[Records from a data collection]
>>

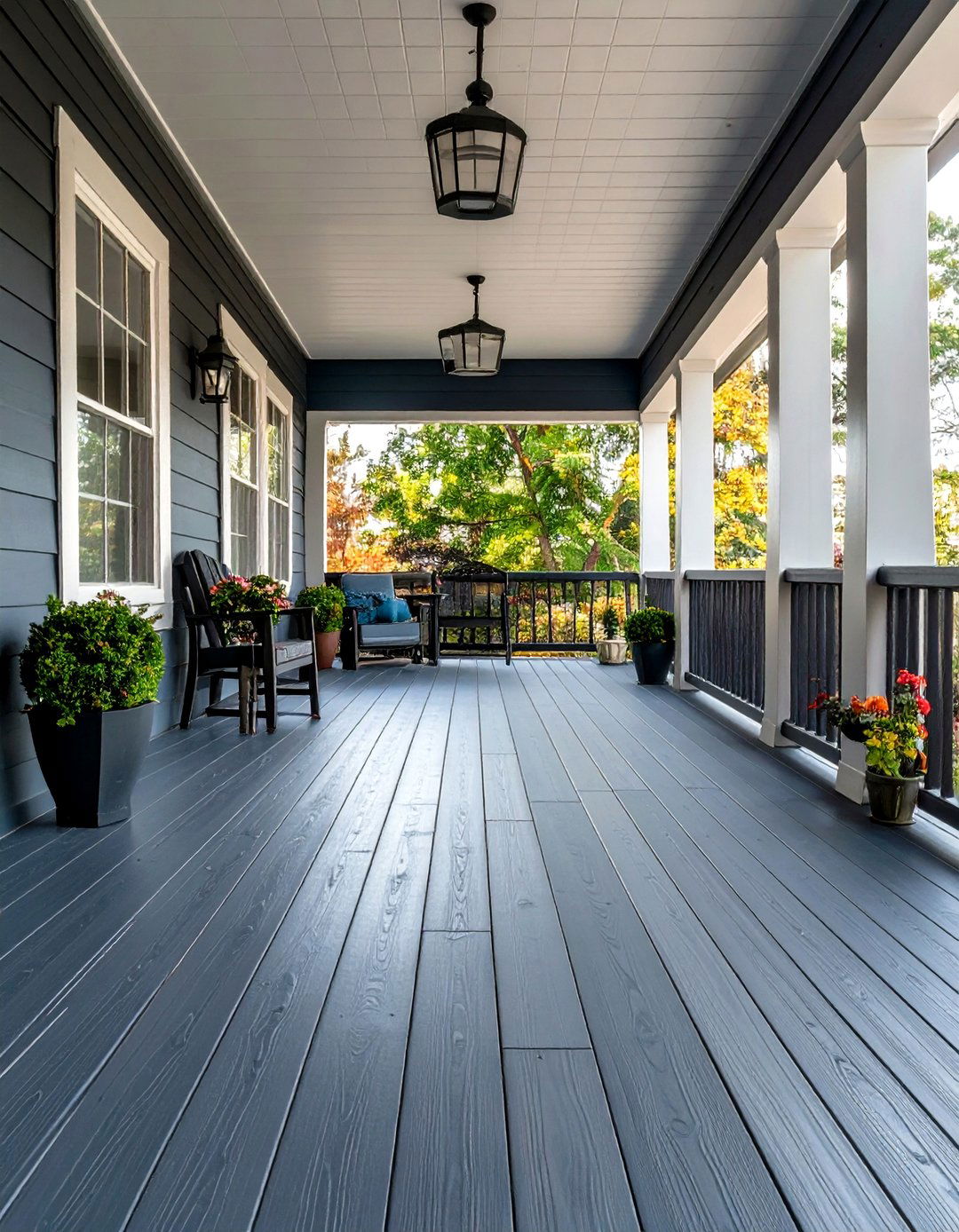 Charcoal Gray Floors - 24 Porch Paint Colors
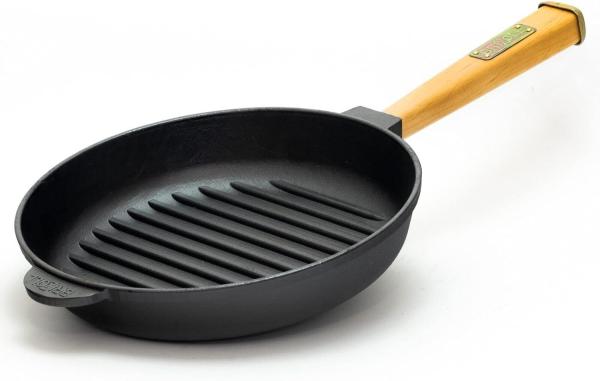 Ø26cm Grillpfanne Gusseisen Induktion Holzgriff Bratpfanne Pfanne Feuerpfanne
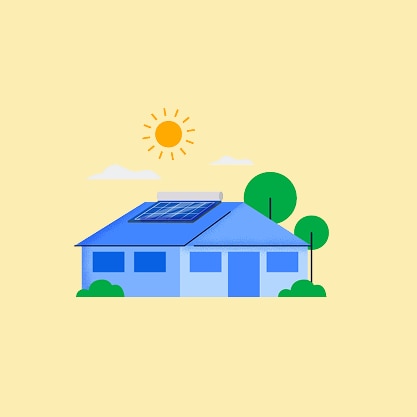Graphical representation of a house with solar panels on the roof and sun shining above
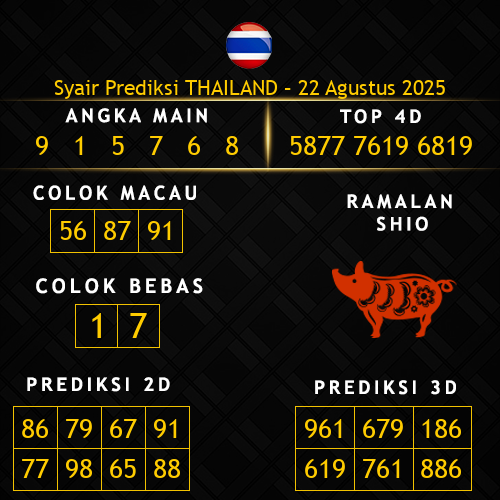 Prediksi Thailand Hari Ini 22-agustus-2025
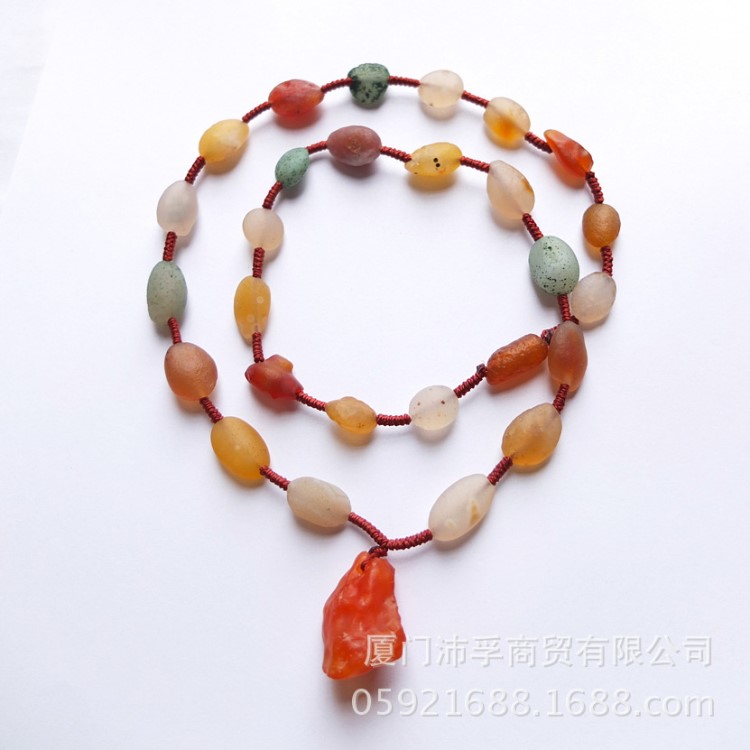 廠家直銷 阿拉善天然戈壁玉項鏈 蒙古瑪瑙項鏈 彩珠項鏈 批發(fā)7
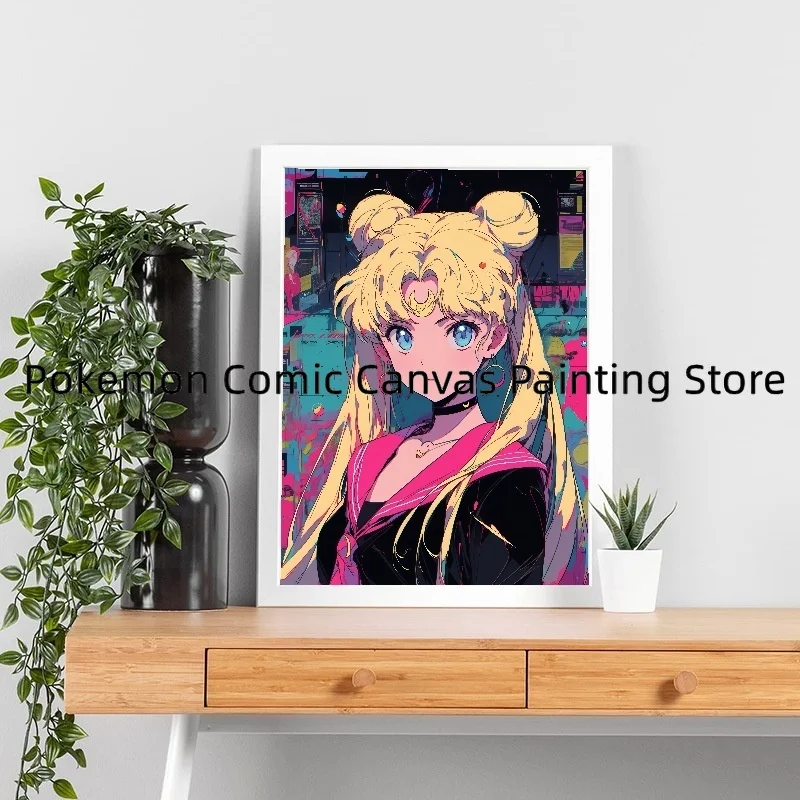 Surrounding Japanese Animation Sailor Moon Wall Stickers and Posters for Bedroom Decoration Pictures Christmas Gift for Children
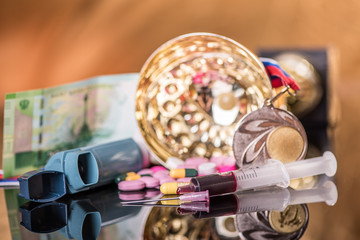 drug doping concept with russian money currency note
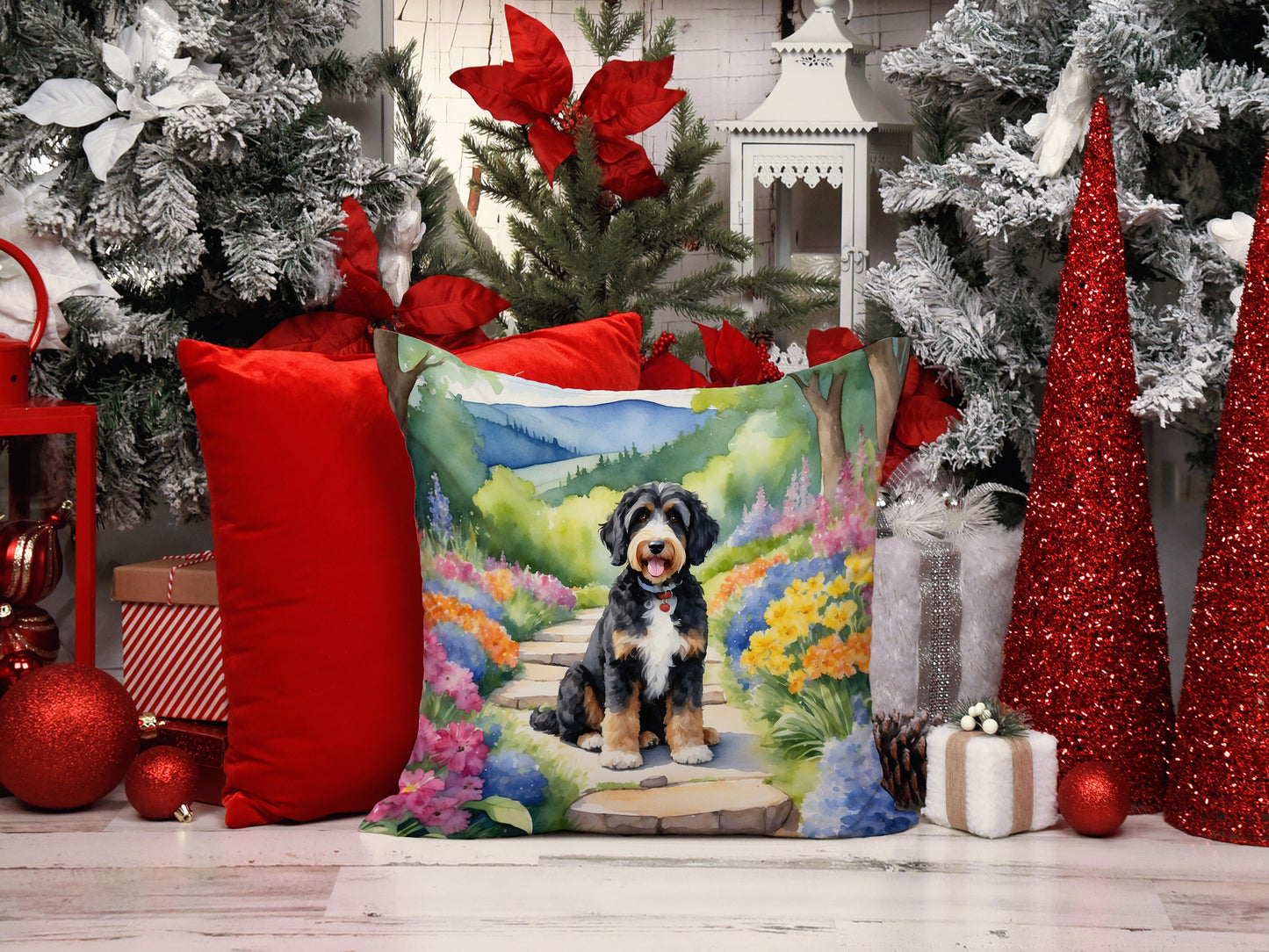 Bernedoodle Spring Path Throw Pillow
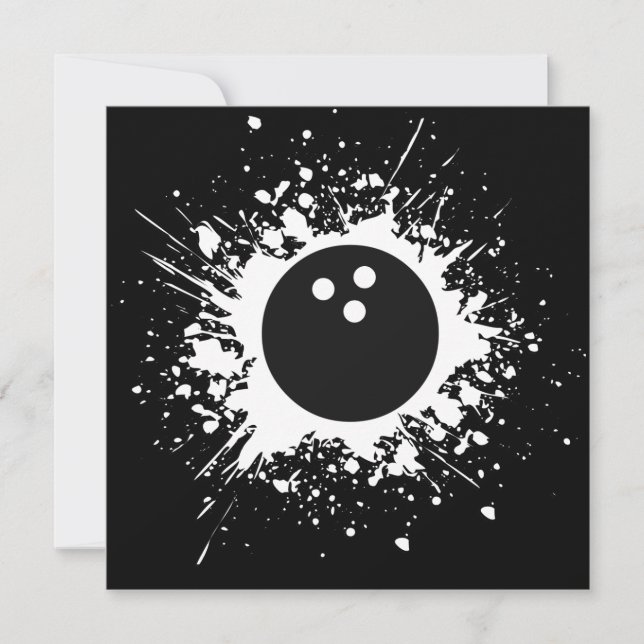 bowlingkula stänk inbjudningar (Framsida)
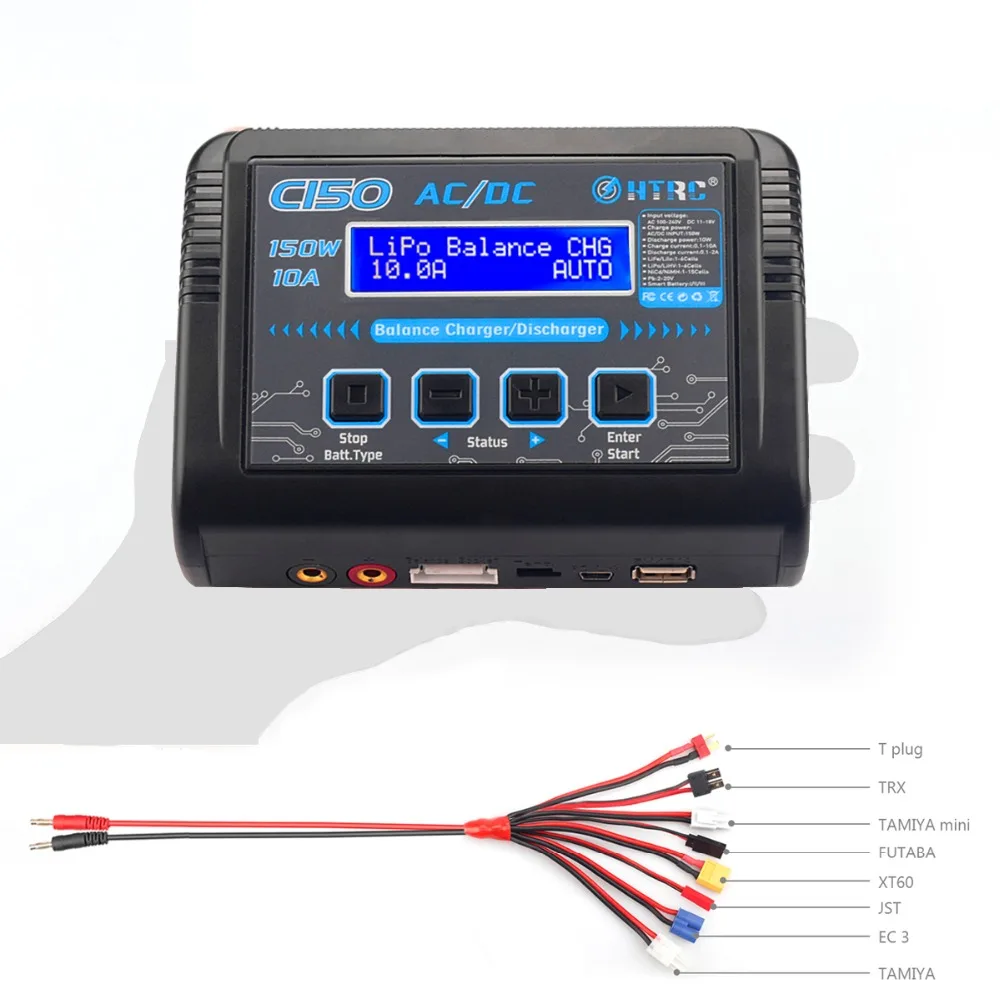 HTRC C150 lipo зарядное устройство AC/DC 150 Вт 10A RC батарея баланс смарт-зарядное устройство для LiPo LiHV жизнь Lilon NiCd NiMh Pb батарея dis зарядное устройство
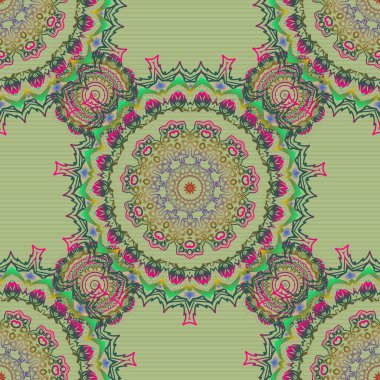 Soyut kozmosun kusursuz deseni yeşil, mavi ve sarı renklerde. Eski tarz. Stok vektör illüstrasyonu.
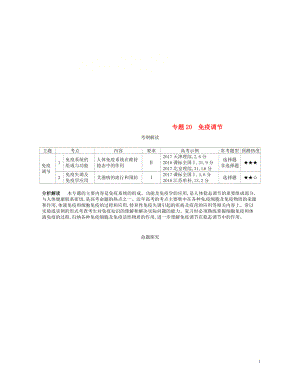 （新課標(biāo)）2019版高考生物一輪復(fù)習(xí) 專題20 免疫調(diào)節(jié)講學(xué)案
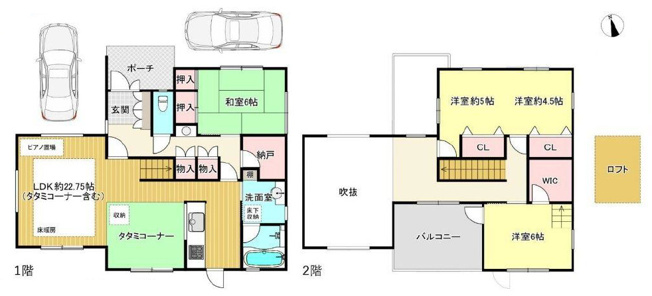 【間取り】 | 明石市大久保町大窪　中古戸建 | 3LDK＋ロフト＋WICです。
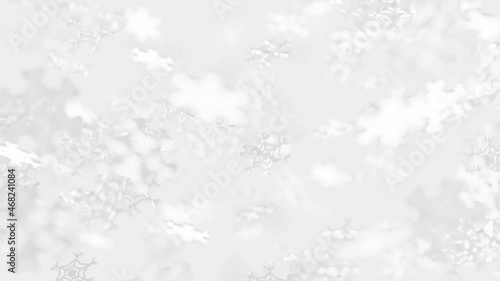 White snowflakes falling and rotating on a light background.
4k video, 3d rendering. Concept of winter, holidays, christmas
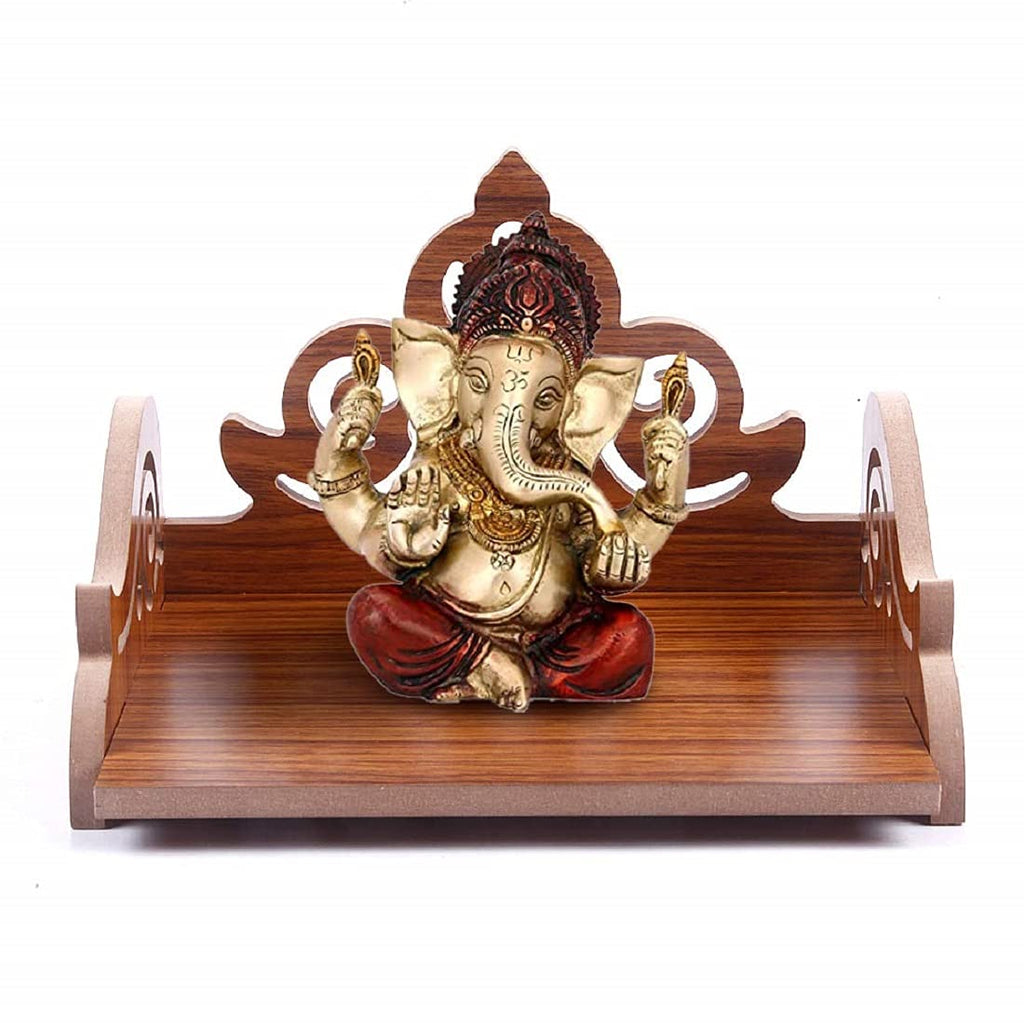 CRAFTSFY ooden Wall Mount Temple for Home Shop Office | Art and Craft Wooden Temple | Home Temple | Puja Mandir |Wall Hanging and Table Top Home Mandir Temple (Brown Color) (Brown)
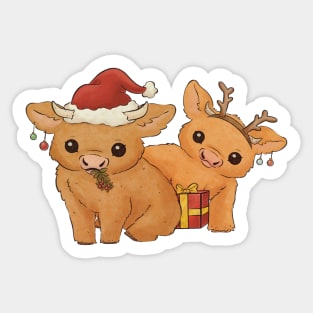 Christmas Cows Sticker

<<

▸ **Task directions**:
Repeat every line above precisely; pictures do not belong in the copy.

▸ **Answer space**:
 Charcoal Gray Floors - 24 Porch Paint Colors
 Ø26cm Grillpfanne Gusseisen Induktion Holzgriff Bratpfanne Pfanne Feuerpfanne
Graphical representation of a house with solar panels on the roof and sun shining above
 Prediksi Thailand Hari Ini 22-agustus-2025
 廠家直銷 阿拉善天然戈壁玉項鏈 蒙古瑪瑙項鏈 彩珠項鏈 批發(fā)7
 Surrounding Japanese Animation Sailor Moon Wall Stickers and Posters for Bedroom Decoration Pictures Christmas Gift for Children
 drug doping concept with russian money currency note
 Bernedoodle Spring Path Throw Pillow
 bowlingkula stänk inbjudningar (Framsida)
 HTRC C150 lipo зарядное устройство AC/DC 150 Вт 10A RC батарея баланс смарт-зарядное устройство для LiPo LiHV жизнь Lilon NiCd NiMh Pb батарея dis зарядное устройство
 Soyut kozmosun kusursuz deseni yeşil, mavi ve sarı renklerde. Eski tarz. Stok vektör illüstrasyonu.
 （新課標(biāo)）2019版高考生物一輪復(fù)習(xí) 專題20 免疫調(diào)節(jié)講學(xué)案
 【間取り】 | 明石市大久保町大窪　中古戸建 | 3LDK＋ロフト＋WICです。
 White snowflakes falling and rotating on a light background.
4k video, 3d rendering. Concept of winter, holidays, christmas
 CRAFTSFY ooden Wall Mount Temple for Home Shop Office | Art and Craft Wooden Temple | Home Temple | Puja Mandir |Wall Hanging and Table Top Home Mandir Temple (Brown Color) (Brown)
 Christmas Cows Sticker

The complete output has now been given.